A Course on Numerical Linear AlgebraΒΆ
Instructor: Deniz Bilman
Textbook: Numerical Linear Algebra, by Trefethen and Bau.
Lecture 28: QR Algorithm without ShiftsΒΆ
The QR algorithm as a method to compute the eigenvalues of a square matrix dates back to 1960s (John Francis and Vera Kublanovskaya). In its simplest form, it goes like this:
Algorithm 28.1: "Pure" QR Algorithm:
- $A^{(0)}:=A$
- for $k=1,2,\ldots$
- $Q^{(k)} R^{(k)} = A^{(k-1)}$ (Obtain the QR factorization)
- $A^{(k)} = R^{(k)} Q^{(k)}$ (Recombine in reverse order)
A termination condition can be chosen through a threshold on the Frobenius norm of the lower-triangular part of $A^{(k)}$.
Note that this procedure preserves eigenvalues of $A$ because
$$ \begin{aligned} A^{(k-1)} = Q^{(k)} R^{(k)} &\iff R^{(k)} = (Q^{(k)})^* A^{(k-1)} \\ &\iff R^{(k)} Q^{(k)} = (Q^{(k)})^* A^{(k-1)} Q^{(k)} \iff A^{(k)} = (Q^{(k)})^* A^{(k-1)} Q^{(k)} \end{aligned} $$
which shows that $A^{(k)}=R^{(k)} Q^{(k)}$ is unitarily equivalent to $A^{(k-1)}$. Therefore, they have the same eigenvalues.

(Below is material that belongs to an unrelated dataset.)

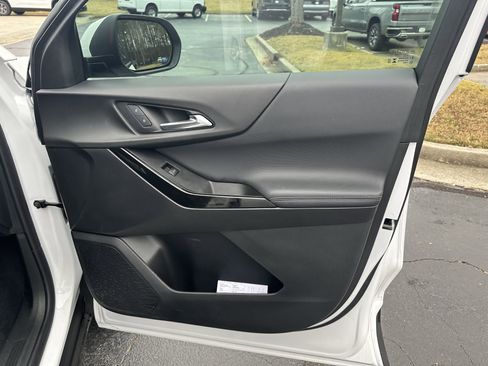 New 2026 Chevrolet Equinox LT image 15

Under suitable assumptions, this simple algorithm converges to a Schur form for the matrix $A$: It converges to an upper-triangular matrix if $A$ is arbitrary and it converges to a diagonal matrix if $A$ is Hermitian. In any case, the eigenvalues of $A$ of course end up in the diagonal of the resulting matrix.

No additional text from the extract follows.